Al Hassan Ag Abdoul Aziz Ag Mohamed Ag Mahmoud, 46, was found guilty of crimes including torture and outrages upon personal dignity.
Presiding judge Antoine Kesia-Mbe Mindua said Al Hassan played a "key role" overseeing amputations and floggings as police chief when Islamic militants seized control of Timbuktu for almost a year from early 2012.
A timetable for his sentencing will be handed down soon.
Dressed in a yellow robe and white headdress, Al Hassan sat impassively throughout the nearly two-hour verdict with arms folded.
Al Hassan was also involved in interrogations where torture was used to extract confessions, Mindua said.
Mindua laid out in detail the reign of terror under the militants in Timbuktu, including women being arrested then raped in detention.

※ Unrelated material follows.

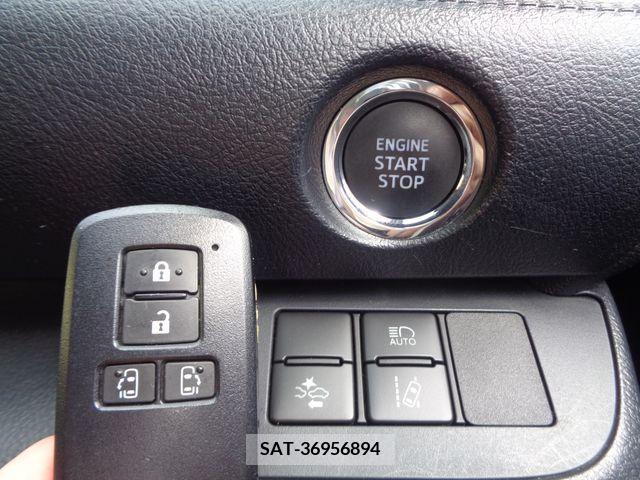 Toyota SIENTA 2016-11 384587-20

"The inhabitants had no other choice but to adapt their lives and lifestyles to conform to the interpretation of Islamic Sharia law... imposed on them by the force of arms," said Mindua.
Mindua described brutal floggings in the central square in front of crowds including children, as well as a public amputation by machete.
Al Hassan was convicted of "contributing to the crimes perpetrated by other members" of the jihadist groups including mutilation and persecution.
He was however acquitted of the war crimes of rape and sexual slavery, as well as the crime against humanity of forced marriage.
He was also acquitted of the war crime of attacking protected objects.
Despite the acquittals, deputy prosecutor Mame Mandiaye Niang said he was "pleased with the verdict, which proved the accused was guilty of a certain number of charges."
"I am thinking of the victims and I say again in the name of the prosecutor... that we will stay by their side, study the verdict carefully and that next steps... will be so that a more complete justice is given to these victims," he added.
'Pearl of the desert'
Founded between the fifth and 12th centuries by Tuareg tribes, Timbuktu is known as the "Pearl of the Desert" and "The City of 333 Saints" for the number of Muslim sages buried there during a golden age of Islam.
But jihadists who swept into the city considered the shrines idolatrous and destroyed them with pickaxes and bulldozers.
The militants from the Al-Qaeda in the Islamic Maghreb and Ansar Dine groups exploited an ethnic Tuareg uprising in 2012 to take over cities in Mali's volatile north.
On Friday, the ICC made public an arrest warrant for one of the Sahel's top jihadist leaders over alleged atrocities in Timbuktu from 2012 to 2013.
Iyad Ag Ghaly is considered to be the leader of the Al-Qaeda-linked Group for the Support of Islam and Muslims (JNIM), which operates in Mali, Burkina Faso and Niger.
Also known as "Abou Fadl", Ag Ghaly is wanted on suspicion of war crimes and crimes against humanity allegedly committed in Timbuktu, the ICC said.
These included murder, rape and sexual slavery, and attacks on buildings dedicated as religious and historic monuments.
Judges issued the warrant against Ag Ghaly in mid-2017, but the document has been kept under wraps for the past seven years because of "potential risks to witnesses and victims".